▶ YOUR TASK:
In the entries that follow, find the line containing "a pile of assorted"; from there, copy every line exactly through the line containing "Snapshot of paris_cherry".

▶ DATA EXTRACTS:
▼
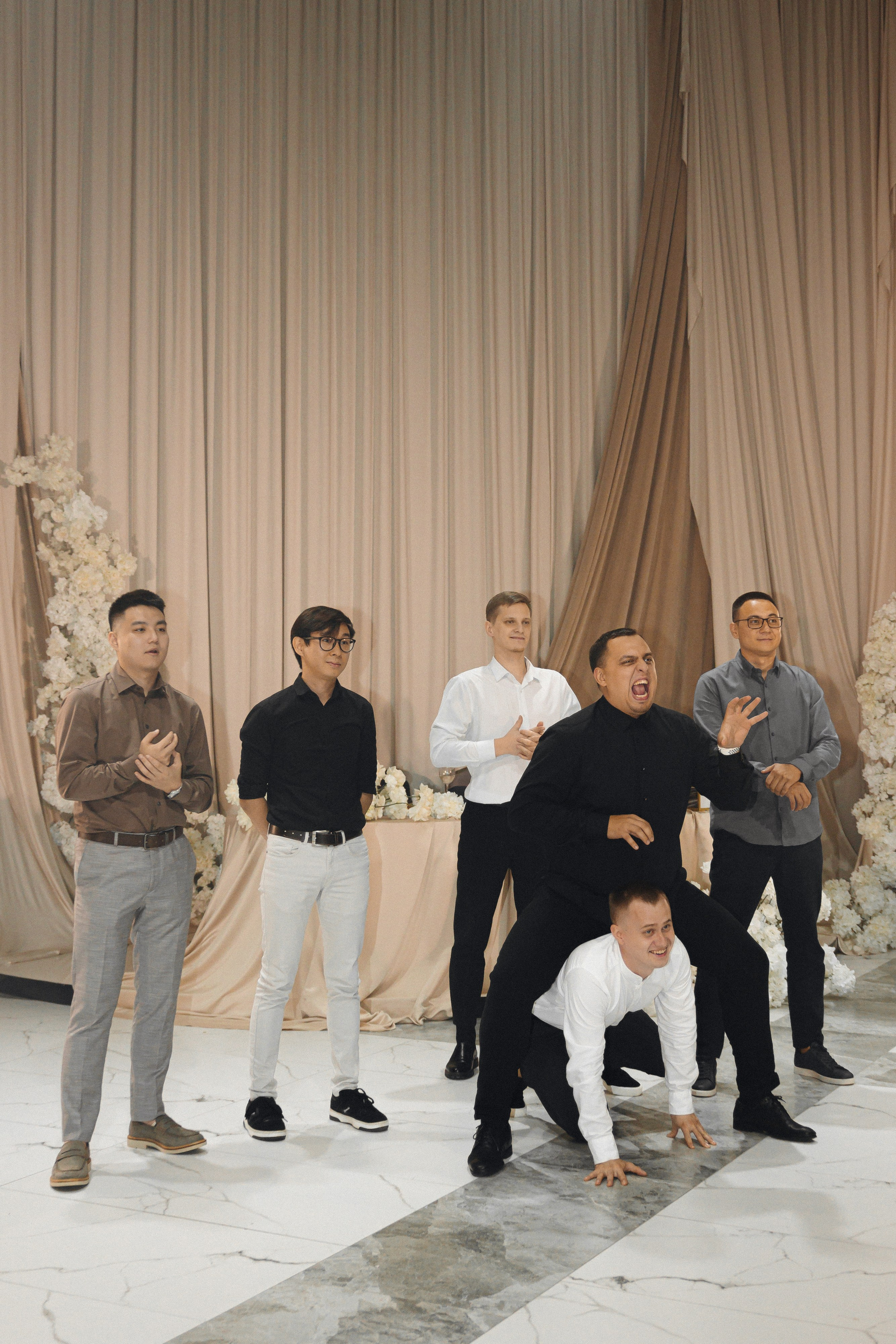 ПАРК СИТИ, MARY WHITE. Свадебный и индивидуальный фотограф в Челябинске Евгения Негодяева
▲
▼
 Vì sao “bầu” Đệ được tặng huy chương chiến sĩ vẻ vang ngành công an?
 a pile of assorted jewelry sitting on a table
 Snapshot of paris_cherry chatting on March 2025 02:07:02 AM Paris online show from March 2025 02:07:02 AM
▲
▶ RESPONSE TO THIS TASK:
 a pile of assorted jewelry sitting on a table
 Snapshot of paris_cherry chatting on March 2025 02:07:02 AM Paris online show from March 2025 02:07:02 AM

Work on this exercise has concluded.